To me there is a clear distinction between things that  explore the consequences of science extrapolated into the future (or even advanced civilisations set in the past) and things that have Sci-Fi trappings as a means of advancing the plot. Take Dr Who as an example. Throughout most of its history the Tardis has merely been a device to enable the story to the set in a particular place and time (and indeed had a rule that they can't just pop back a couple of hours to undo their mistakes as that would just destroy any dramatic tension.) It is only recently - as far as I know but I'm not as big an aficionado as some - that they have started to explore the consequences of time travel with the so -called fixed points in time. Even the regeneration is just a device to allow the series to continue with a new actor.

At the end of the day, I don't think it really matters - I know what I like, and don't sit there watching it or reading it attempting to classify it. And more to the point I know what others classify as Sci-Fi, as in "oh we don't have to watch that Sci-Fi rubbish do we....". :lol:

And as the idea that Sci-Fi features "plausible" future technologies...well not always. Yes some technology that exists now actually far exceeds what was shown at the time - take the tablet computers and data recorders in Star Trek TOS as an example, but other things are still mostly (probably) impossible e.g. warp drive, the transporter etc and it's not just me saying that...read the physics of Star Trek book - it would take longer than the universe has existed to scan you into the transporter, more energy than in the whole universe to accelerate to warp speed etc - but as I say they are actually just plot devices.

Frank

Quote from: Greg M. on 03 September, 2016, 10:14:29 AM
So, by your definition, which 2000AD stories are sci-fi stories? ... it all seems a bit of a reductive exercise

I'm happy with my definition of the launch up as not very sci-fi*, or no more sci-fi than adventure stories like The Steel Claw, which nobody considers sci-fi. The idea that some stories are more sci-fi than others doesn't seem controversial.

That doesn't mean anybody failed, or that the stories weren't up to scratch. As Magnetica points out, it's not really important, but then absolutely nothing we talk about here is. I thought it was interesting and I enjoyed talking about it.


* Indigo Prime (10); Chronocops (10); VCs (3) because of its off world settings & spaceships; Bad Company (5) off world setting and the pathetic fallacy of Ararat; Rogue Trooper (3) being generous because of concepts like biowire and the biochips; Halo Jones Bk 3 (8) off world and spaceships are fine, but the depth of thought the boy Moore brings to the battle in Jupiter's space/time bumps up its score; Strontium Dog (3), but only because of the original concept of the time bomb.
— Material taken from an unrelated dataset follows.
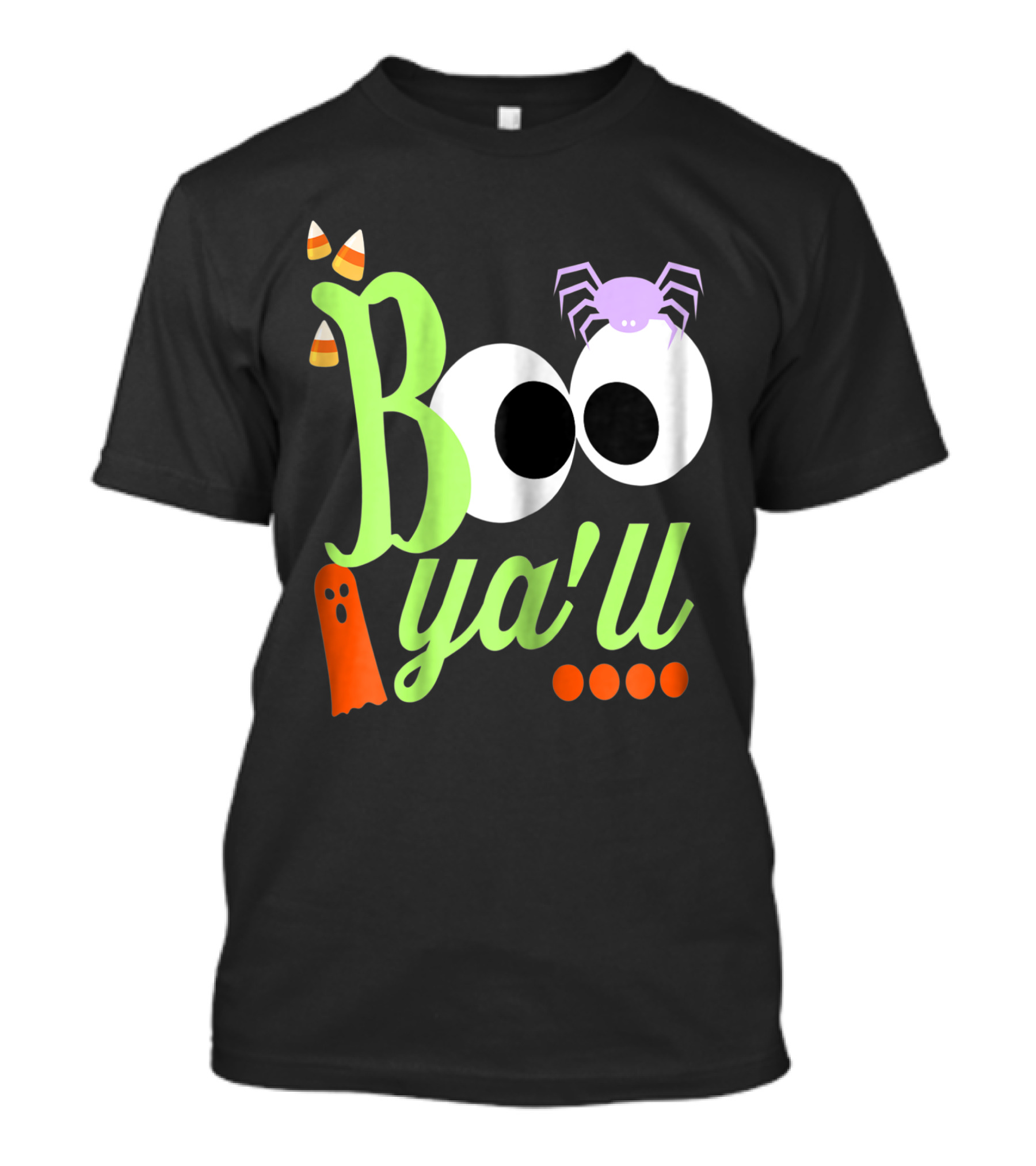 Boo Ya'll Fun Funny Southern Halloween Candy Corn Spider Ghost T-Shirt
On that scale, Dare would be a (3) for the spaceships and aliens, Flesh would be a (2) for the time travel, Harlem Heroes would be a (2) for the jetpacs and vague future setting, Mach-1 scores (1) for his computer, and Bill Savage scores hee-haw. Dredd's basic setting & tech is worth (3), with that score fluctuating each week depending on whether the crime being investigated revolves around a future technology or if it's just about Dredd being mean. That was silly, but fun - it doesn't mean anything.

M.I.K.

Quote from: Frank on 03 September, 2016, 04:31:25 PM
or no more sci-fi than adventure stories like The Steel Claw, which nobody considers sci-fi.

Say what? A bloke with a bionic hand that has the power to turn him into an invisible man after an accident in a laboratory isn't science fiction?

Richard

QuoteSay what? A bloke with a bionic hand that has the power to turn him into an invisible man after an accident in a laboratory isn't science fiction?

That sums up exactly why I said that this whole debate is ridiculous.

Richard

On further reflection, isn't this more about what is "proper" sci-fi and what isn't -- there are degrees of SF? Rather than "it's not SF at all."

A.Cow

Quote from: Richard on 04 September, 2016, 12:22:55 PM
On further reflection, isn't this more about what is "proper" sci-fi and what isn't -- there are degrees of SF? Rather than "it's not SF at all."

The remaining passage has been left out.